The solace of historical fiction
However one genre that has been particularly strong of late has been historical fiction – something that can be in large part credited, in the UK at least, to the release of The Mirror and the Light, the final part in Hilary Mantel’s blockbusting Tudor trilogy about Henry VIII’s Machiavellian adviser Thomas Cromwell, which hits a comfort-reading sweet spot, combining period escapism with high literary merit. Historical fiction has shown a huge spike recently in the Nielsen BookScan figures, both in volume (the total of number of books sold) and in value (the total price of books sold). “Historical fiction is currently up 33% in volume sold for 2020 (up to 21 March) and 70% up in value [from 2019],” O’Brien says. Up until Nielsen’s records stopped, The Mirror and the Light had sold 169,378 copies across all editions in the UK, generating around £2.8m in revenue and making it already the most valuable book of the year.
I think there could be more appetite for more classical storytelling and an emphasis on story and building other worlds, particularly past worlds – Emma Paterson
In the US, meanwhile, the book has spent seven weeks on the New York Times Hardcover Fiction Bestseller list since being published. It is also worth noting that one of the recent biggest sellers in the US is another historical novel – Where the Crawdads Sing by Delia Owens, which is partly based around a murder case in 1969. It topped the New York Times Fiction Bestseller list for 30 weeks, and is currently number one on Amazon.com, as well as selling 600,000 copies in the UK according to publisher Hachette.
The genre could continue to flourish through troubled times, some commentators think, because it can help to anchor anxious readers with its strong sense of place and often quite traditional storytelling structure. “I think there could be more appetite for more classical storytelling and an emphasis on story and building other worlds, particularly past worlds,” says Emma Paterson, literary agent at Aitken Alexander. “There is a comfort in a beginning, middle and end.” Immersive and expansive historical backgrounds also provide much-needed escape: despite the arguable differences in literary merit between The Mirror and The Light and aforementioned WW2 hit Forever Amber, there are also parallels between these 900+page doorstop novels and their level of detail.
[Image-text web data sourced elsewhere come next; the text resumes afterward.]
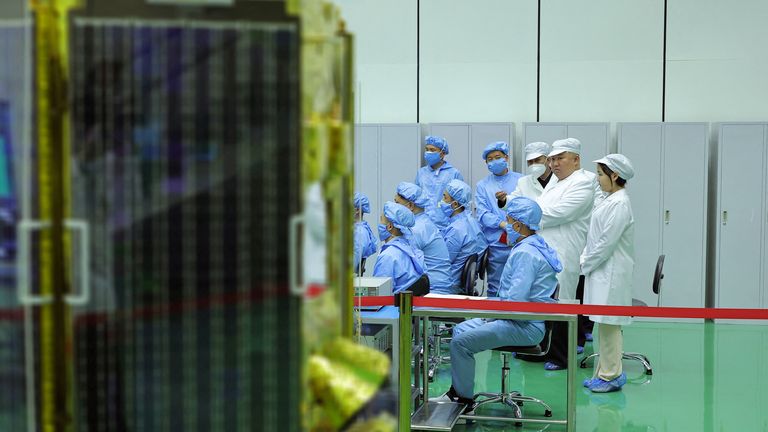 North Korean leader Kim Jong Un and his daughter Kim Ju Ae meet with members of the Non-permanent Satellite Launch Preparatory Committee, as he inspects the country&#39;s first military reconnaissance satellite, in Pyongyang, North Korea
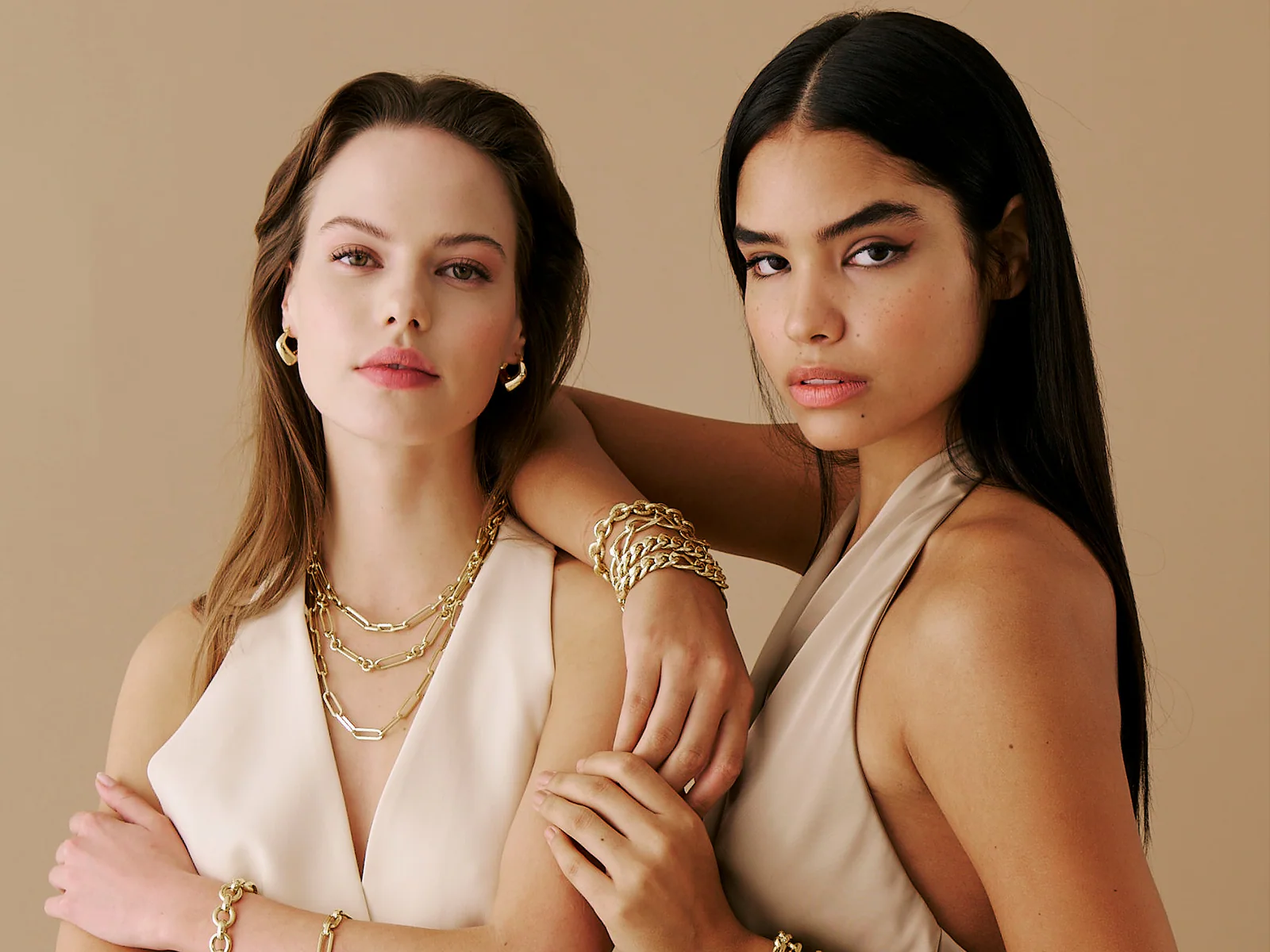Mioro jewelry worn by two models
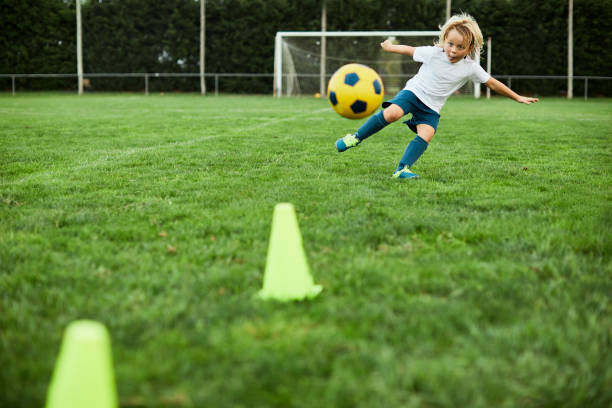 i bambini piccoli sparano un calcio perfetto. - tirare in rete foto e immagini stock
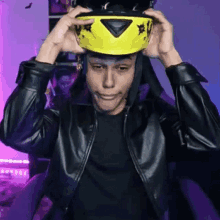 a man in a leather jacket is putting on a yellow helmet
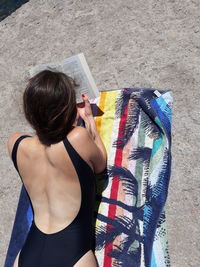 Rear view of woman reading book while lying on front at beach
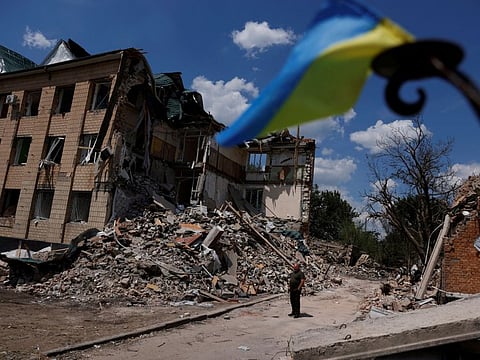 Press officer Olexii Mischenko shows a destroyed city administration building in Bashtanka, Mykolaiv region, as Russia's attack on Ukraine continues, Ukraine June 9, 2022.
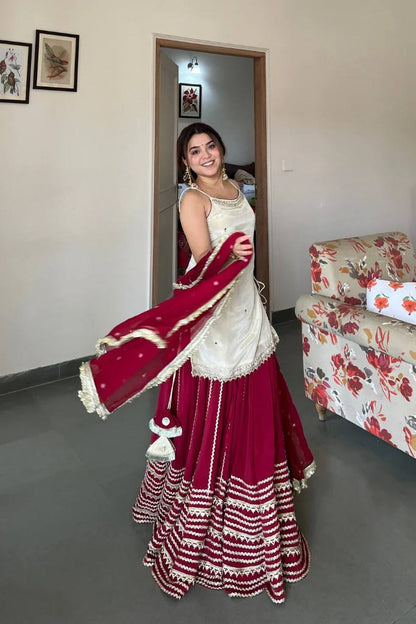 Off White Sleeveless Top And Lehenga With Dupatta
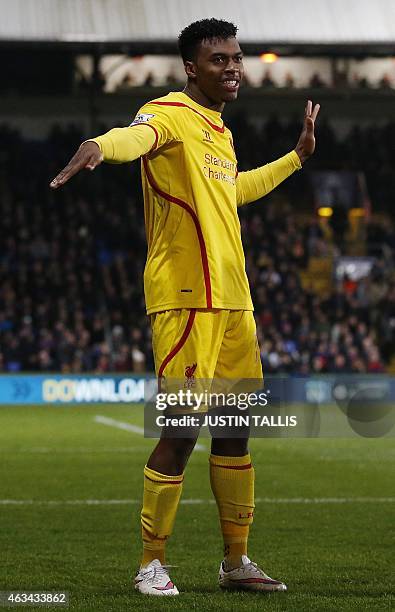 Liverpool's English striker Daniel Sturridge celebrates scoring an equalising goal during the English FA Cup fifth round football match between...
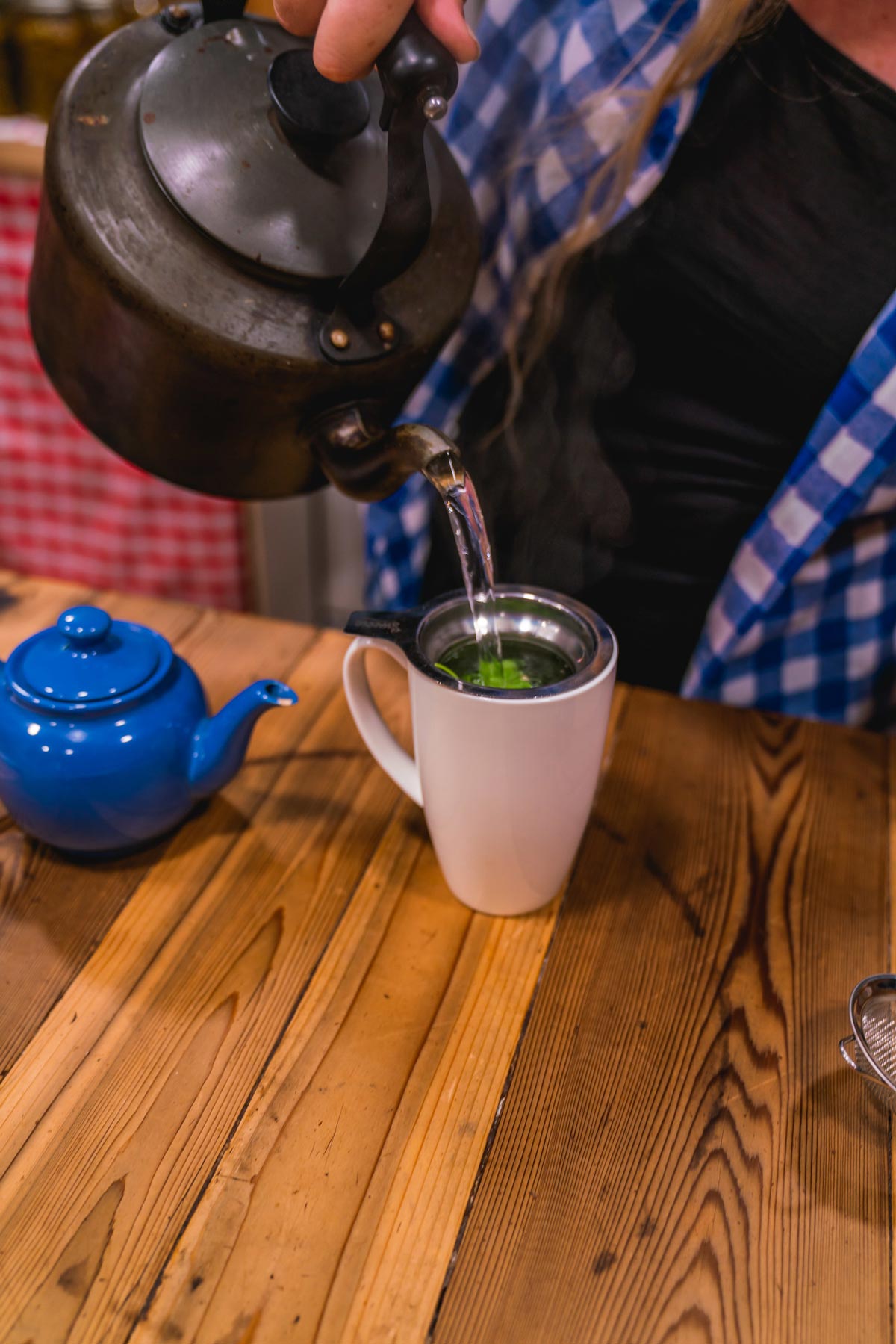 Hot water being poured over hops for tea.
Just as Mantel is known for the zeal of her historical research, so Winsor reportedly read 365 books on the Restoration ahead of Forever Amber, during her husband’s five-year wartime absence.
Equally, though, historical fiction can also provide a lens through which to view society with the benefit of distance, which is helpful when we are renegotiating societal shifts. As Showalter noted, Forever Amber’s plucky eponymous heroine helped inspire readers in the aftermath of the war at a time of great unrest. “[It] was published at a time of social upheaval in Britain, the beginnings of the welfare state and the erosion of an ethic of social and marital deference… Winsor’s readers, the majority of them women, identified with Amber’s calamitous life and admired her fortitude in times of hardship.” Author and critic Alex Preston believes that at times of great societal turbulence, we reach back into past worlds partly to learn lessons. “In the 2008 recession [for example, because] we wanted to see how people had thought about the kinds of challenges we were facing in different times, there was this renaissance of Trollope’s The Way We Live Now [first published in 1875] which is a magical, extraordinary work [that thinks] about the way a culture is taken over by greed and drive for financial gain.”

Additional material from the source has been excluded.